In truth, it’s quite handy, plus there’s no reason to bother with jewelry when you’ve got a pair of glasses hanging from your neck. They go with everything.

I find it especially useful in the supermarket where, without glasses, I can get my hand on our preferred brand of coffee. But then I need the glasses to be sure it’s whole beans, not ground, and regular tasting, not — heaven forbid — one of those awful flavored ones. So as I make my way up and down the market’s aisles, the glasses go up and down as well. When they go down I think, “I’ll bet people think I’m too vain to wear my glasses.” That’s what I used to think about other people. So far I’ve resisted the urge to periodically announce to anyone within earshot that this activity is born of necessity, not vanity.

However, when I mentioned to a friend my newly discovered under-eye circles, she sent this observation: “The circle under the eye camouflage has been one of my main reasons for wearing glasses for years. Forget the vision; let’s get to the important things!”
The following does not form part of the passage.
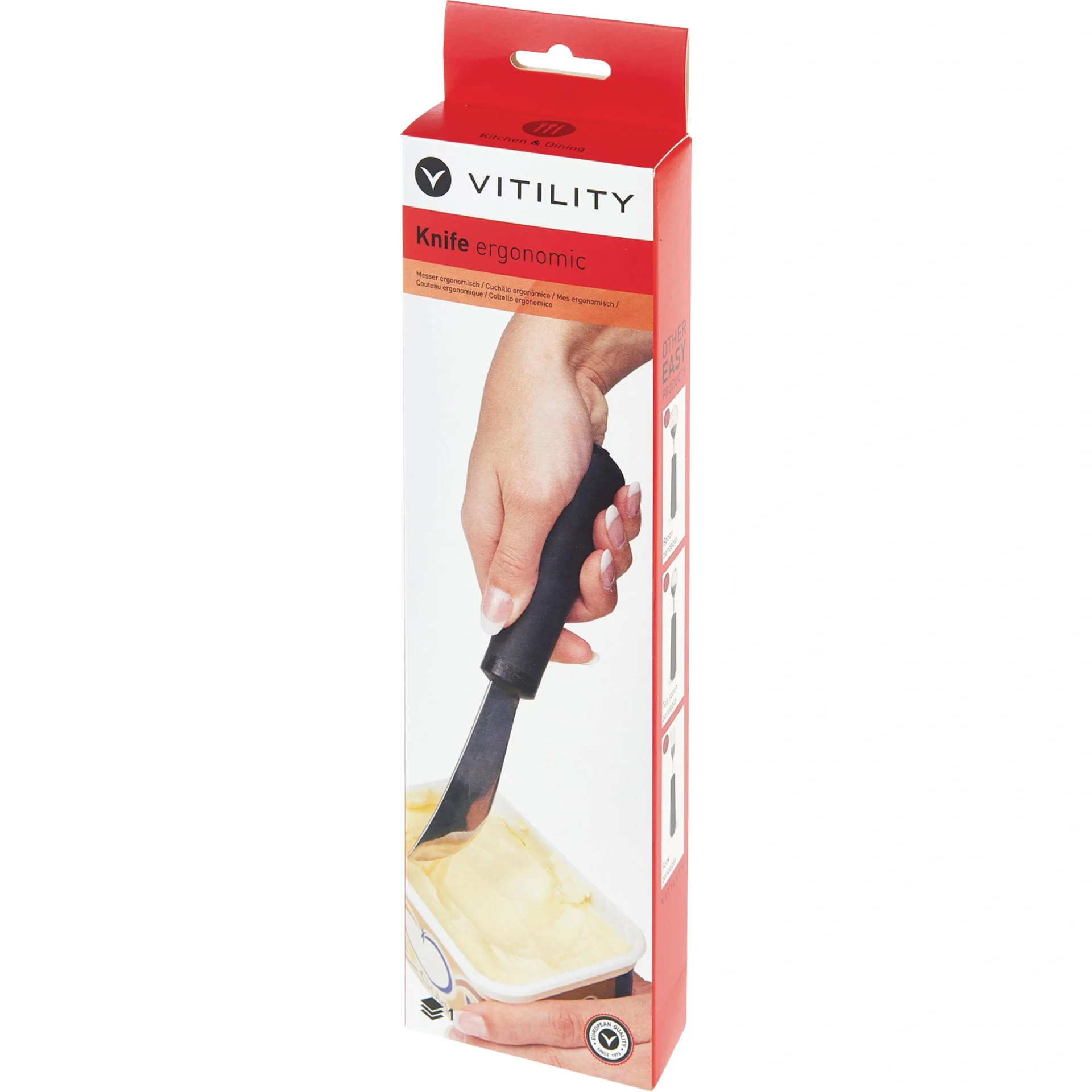 Besteck - Messer Ergonomisch Schwarz - 1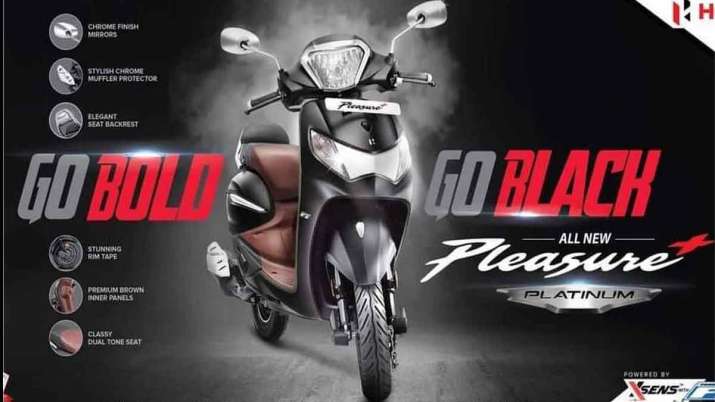 Hero Pleasure Plus Platinum Launched priced at Rs 60,950 Hero Pleasure Plus Platinum Launched priced at Rs 60,950- India TV Paisa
“Maybe,” I wrote back, “that’s why people wear those tinted glasses. Also sunglasses inside.”

Never too old for vanity.

Cataract & Ruin (Ouch)

eye4Another step on the road to decrepitude. When I told my former college roommate that I was having cataract surgery, she said “God, we really are old, aren’t we?”

Yes, we are. But aren’t we lucky to be old at this time? Back in the day, this kind of procedure required a hospital stay, eye patches, protective goggles, and a list of strict restrictions like those against lifting and bending. The restrictions are still there, but offered more in the way of suggestions to resume normal activities but avoid anything strenuous. Don’t bend over the day of surgery (impossible since I was mostly sleeping off the anesthesia) or drive for 24 hours (same situation). But I did drive myself to the doctor’s office the next day and everywhere else until a week later when the entire procedure was repeated on the second eye.

Cataract surgery involves removal of the eye’s lens which has become cloudy over time and replacing it with an artificial lens. It is usually a same-day procedure performed in a physician’s office or medical facility. Recovery is most often swift and easy.

(But why do you suppose discussion of medical procedures releases the worst punning instincts in me? A while back there was the post about Paul Bunion and now this heading, which only makes sense if you keep the “t” silent.)

My eyes are getting used to their new lenses and even with new over-the-counter “readers” from the drug store, I was thrilled to be able to read an entire New Yorker article the other night. The next big break-through will be eye makeup (one more week!). The blazing California sun is a challenge but the UV protection sunglasses from the doctor help and who cares if they make me roy orbisonlook like Roy Orbison.

Another reason why we’re lucky is Medicare. Not only was the surgery covered but I was informed that as a Medicare patient who’d undergone cataract surgery, I am entitled to one free prescription “reader” glasses. So something a little more grownup is on the way, though the sparkly pink ones from Walgreen’s are fun.

And don’t think of trying to make me feel guilty about Medicare. I believe we should have Medicare for all in this country. Our distinction as the only so-called advanced country in the world whose people do not have medical care as a right is shameful. Obamacare is a start but it should be universal. And Medicare should be able to bargain with the drug companies as the Veterans Administration does.

A man from Sweden was visiting us a few years ago. “Guess what,” he said. “I got hearing aids.” “Good for you,” I replied. “Ed and I getting close to needing them.” “Guess how long I had to wait for them,” he said. “How long?” “A year.” “And when you got them,” I asked, “how much did they cost?” “Oh,” he said, “nothing.”

Humpf! A year’s wait seems like a piece of cake to me. Not unlike cataract surgery.